───── INFORMATION GIVEN ─────
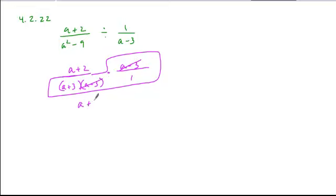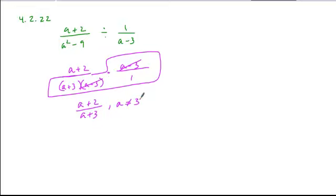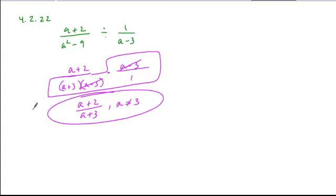When we simplify, we get a plus 2 over a plus 3. We see that a can't be a 3. That domain restriction is no longer apparent in our simplified form, so we have to include that as a separate restriction, and this would be the simplified form.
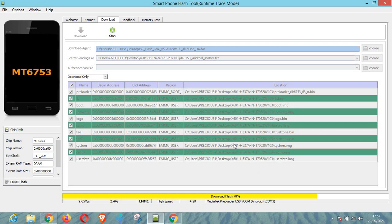If you need any scatter file, please use the comment section to send us a message and we will see if we can help you, or you can use Google to search for the particular scatter file that you need. This particular software, SP Flash Tool, is used to flash specifically MTK devices. You can also use SP Flash Tool to run format and to check memory — you can run a memory test as well.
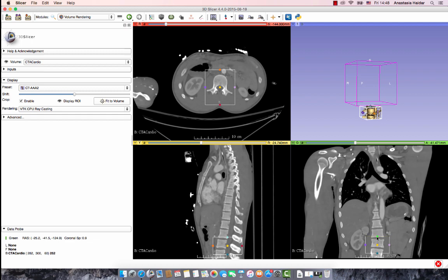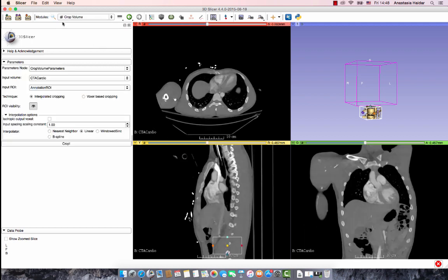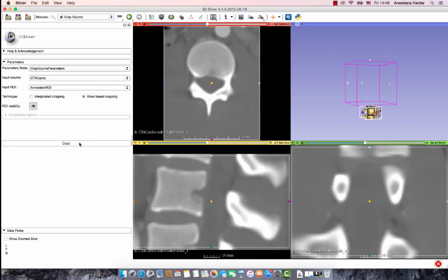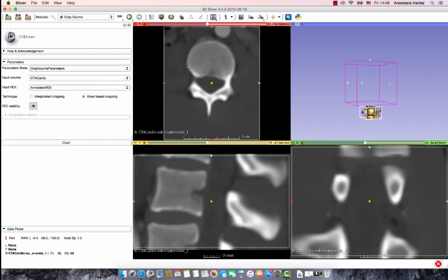Once you've made sure that the correct vertebrae is displayed inside the ROI, search for the Crop Volume module and select the voxel-based cropping to get a clear image. Once the image is cropped, fix the contrast and brightness as needed so that the vertebrae is more visible.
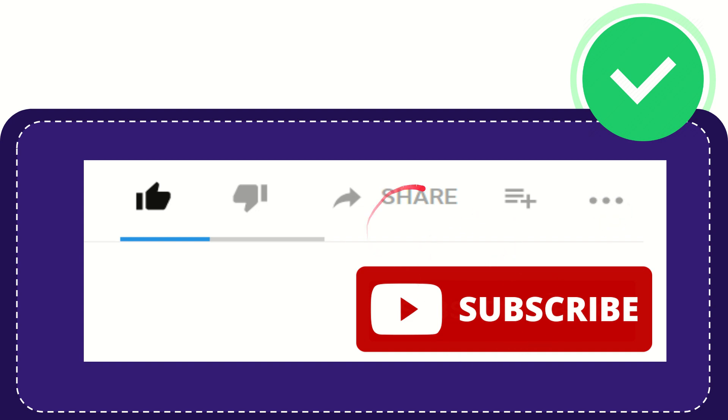I think that's all of it. Thank you so much for watching this video and see you again in another video. Bye-bye. See you again.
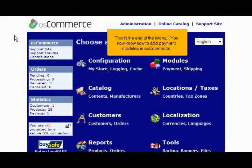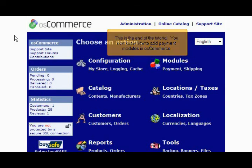This is the end of the tutorial. You now know how to add payment modules in OS Commerce. Thank you for watching.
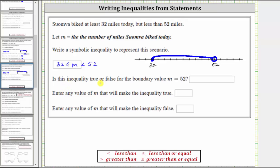Is this inequality true or false for the boundary value of m equals 52? Because it says less than 52, m equals 52 makes the inequality false. 52 is not less than 52, which we also show graphically using the open point.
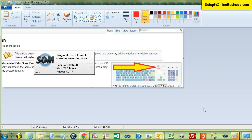Your screenshot is now ready for you to upload to your website. Thank you for watching this video. If you have any questions or comments please leave them below or visit my website setupinonlinebusiness.com for any more help that you need in getting set up. Thank you.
─────
ACTION ITEM
Give back exactly the lines from the one containing "I think that's" to the final line of the entries, both included, and no picture.

RESULT
I think that's all of it. Thank you so much for watching this video and see you again in another video. Bye-bye. See you again.
This is the end of the tutorial. You now know how to add payment modules in OS Commerce. Thank you for watching.
Is this inequality true or false for the boundary value of m equals 52? Because it says less than 52, m equals 52 makes the inequality false. 52 is not less than 52, which we also show graphically using the open point.
Your screenshot is now ready for you to upload to your website. Thank you for watching this video. If you have any questions or comments please leave them below or visit my website setupinonlinebusiness.com for any more help that you need in getting set up. Thank you.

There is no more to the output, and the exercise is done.